I am not like the others here. I am filled with regret when they are not. For them, no redemption should be offered. Take their lives in return for what they did.

But I yearn to make it all right again. I dream of doing something, something to unravel what happened, and what I did. I whispered to her. I begged her, and she answered with her last breath. Was there a word in it? I don’t know. I will never know.

There was a man who loved her, who sought to marry her. But I was the last man in her arms. Ugly Narad, shuddering like an animal. I know you hunt me, sir, whoever you are. I know that you dream of finding me and taking my life.

But you’ll not find me. I’ll do that much for you, sir, because I tell you, taking my life will offer you no release, no peace.

Instead, and this I vow, I will find something right to fight for, and set my life into the path of every murderer, every rapist, until I am finally cut down.

The echoes of laughter reached through his silent promises and he cringed. His was the face of war. His was the body that raped the innocent. And every desperate whisper to the fallen was a lie, and the way ahead was filled with smoke and fire, and he moved through it like a standard, a banner awaiting the rallying cry of killers.

There had been a boy once, not ugly…

Rint watched as the last stone was placed atop the cairn. Ville stepped back, slapping the grit from his hands. The short grasses on the hill glistened with morning dew, like diamonds scattered on the ground. Here and there flowering lichen lifted short stalks holding up tiny, bright red crowns, each one cupping a pearl of water.

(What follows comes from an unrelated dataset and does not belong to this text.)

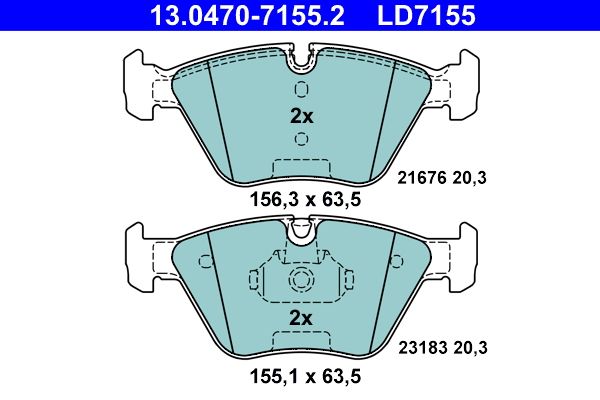 ATE 13.0470-7155.2 Brake Pad Set, disc brake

He thought again of that headless body and found it difficult to recall Raskan’s face. The moccasins were folded and bound and lying nearby. They would accompany the messenger to House Dracons. Rint’s gaze drifted over them, and then he spoke. ‘Headless and bared of feet, we yield what remains of Raskan. We leave him alone now, upon this hill. But he has no eyes with which to see, no voice to utter his losses, and not even the voice of the wind will mourn for him.’

‘Please, Rint,’ said Galak. ‘Surely there must be softer words for this moment.’

‘He lies under stone,’ Rint replied, ‘and so knows the weight of that. What soft words would you like to hear, Galak? What comforts do you yearn for? Speak them, if you must.’

‘He was a child of Mother Dark-’

‘His soul abandoned to foreign fate,’ Rint cut in.

‘He served his lord-’

‘To be made a plaything for his lord’s old lover.’

‘Abyss take us, Rint!’

Rint nodded. ‘It surely will, Galak. Very well then, heed these soft words. Raskan, I give voice to your name one more time. Perhaps she left some of you in the embers of the morning fire. Perhaps you looked upon us through flames, or when the wind’s breath fanned the coals, and you saw us bearing your body away. I doubt you think of honour. I doubt you are warmed by what respect we muster for the body you left behind. No, I see you now as made remote to all our needs, to all our mortal concerns. If you look upon us now, you feel only a distant sorrow. But know this, Raskan, we who still live will carry your regrets. We will wear the burden of your untimely death. We will harvest the unanswerable questions and grow lean on what little they offer us. And still you will not speak. Still you will grant us no comfort, and no cause for hope. Raskan, you are dead, and to the living, it seems, you have nothing to say. So be it.’

Ville was muttering under his breath through all of this, but Rint ignored him. Finished with his words he turned away from the cairn and walked over to his horse. Feren followed a step behind him and before he set foot in the stirrup her hand settled on his shoulder. Surprised, Rint glanced at her. ‘What is it, sister?’

‘Regret, brother, is gristle you can chew for ever. Spit it out.’

He glanced down at her belly and nodded. ‘Spat out and awaiting a new mouthful, sister. But in you I have reason to pray. I look forward to seeing you a mother again.’

She withdrew her hand and stepped back. He saw her lips part as if she was about to speak; instead she turned away, striding to her horse and mounting up.

‘None of us are unfamiliar with death,’ Galak said in a bitter hiss as he swung on to his horse. ‘We each face the silence as we must, Rint.’

‘Will you face it with every word in winged flight, Galak?’

‘Better that than harsh and cruel! It seems all you do is cut these days.’

Rint settled into the saddle and took up the reins. ‘No, all I do is bleed.’

They set out, pushing deeper into the ancient hills. The old lines of rise and descent had been carved through in places by thousands of years of hoofs from migrating herds, and down these tracks floods had rushed in the wet seasons, exposing bedrock and an endless wash of bleached bones and the crumbling cores of broken horns.